__AIM OF THE EXERCISE__
Within the material below, locate the line with "Melhores fontes de" and the line with "Florus w Polsce", then return those two lines and all lines between them, exactly as written.

__GIVEN RECORDS__
========================================================================

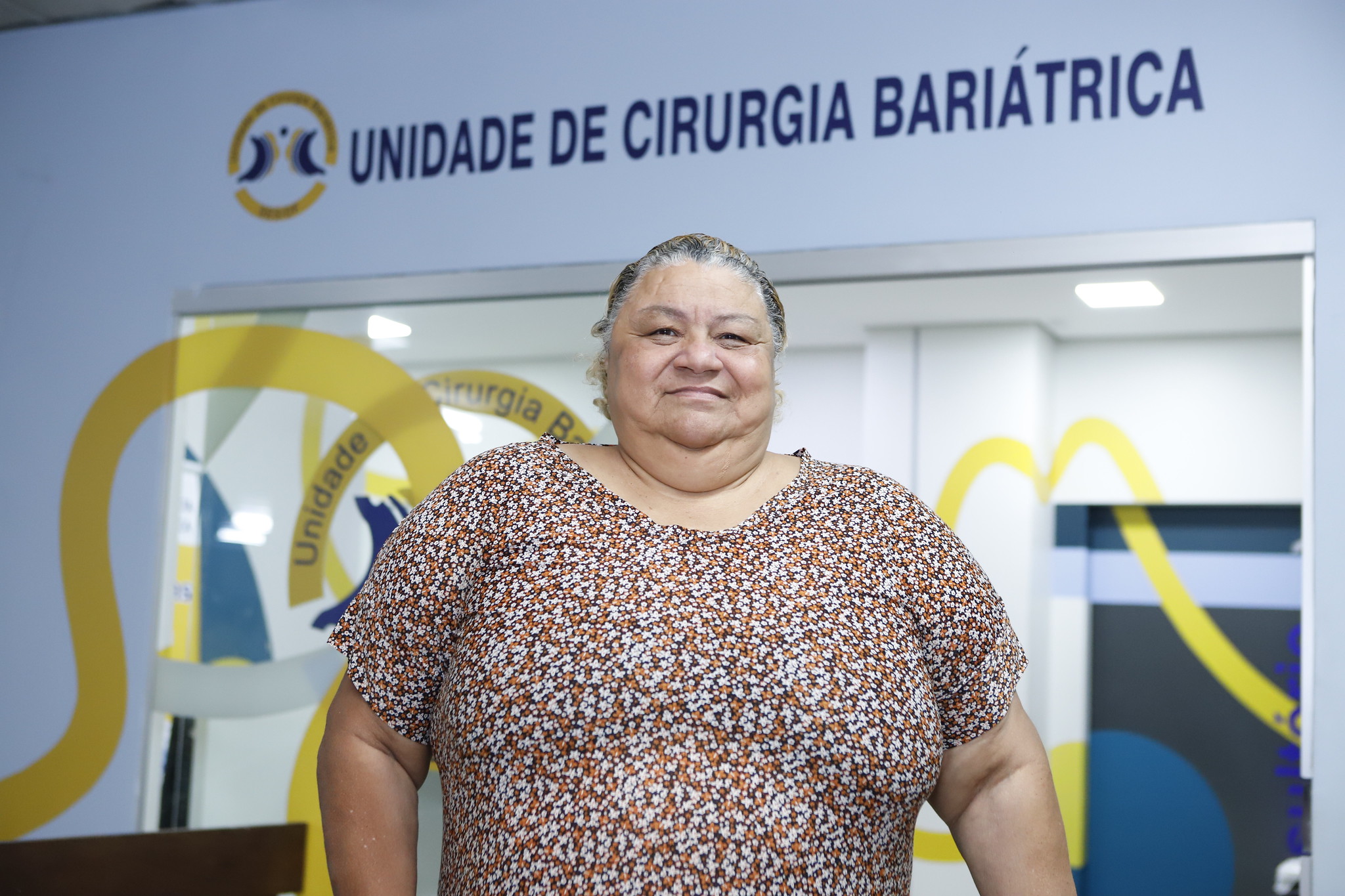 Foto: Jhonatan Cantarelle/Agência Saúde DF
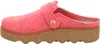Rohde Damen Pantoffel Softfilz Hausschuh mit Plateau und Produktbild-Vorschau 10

========================================================================

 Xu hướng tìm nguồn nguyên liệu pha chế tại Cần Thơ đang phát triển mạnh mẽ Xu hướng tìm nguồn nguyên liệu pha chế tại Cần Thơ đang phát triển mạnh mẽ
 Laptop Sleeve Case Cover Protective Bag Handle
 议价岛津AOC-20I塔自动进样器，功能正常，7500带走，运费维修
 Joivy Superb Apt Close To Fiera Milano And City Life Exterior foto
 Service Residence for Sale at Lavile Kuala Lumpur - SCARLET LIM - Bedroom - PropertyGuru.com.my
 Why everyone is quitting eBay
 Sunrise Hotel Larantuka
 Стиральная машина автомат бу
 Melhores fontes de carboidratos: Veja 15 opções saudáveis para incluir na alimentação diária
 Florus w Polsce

========================================================================

__ANSWER AREA__
 Melhores fontes de carboidratos: Veja 15 opções saudáveis para incluir na alimentação diária
 Florus w Polsce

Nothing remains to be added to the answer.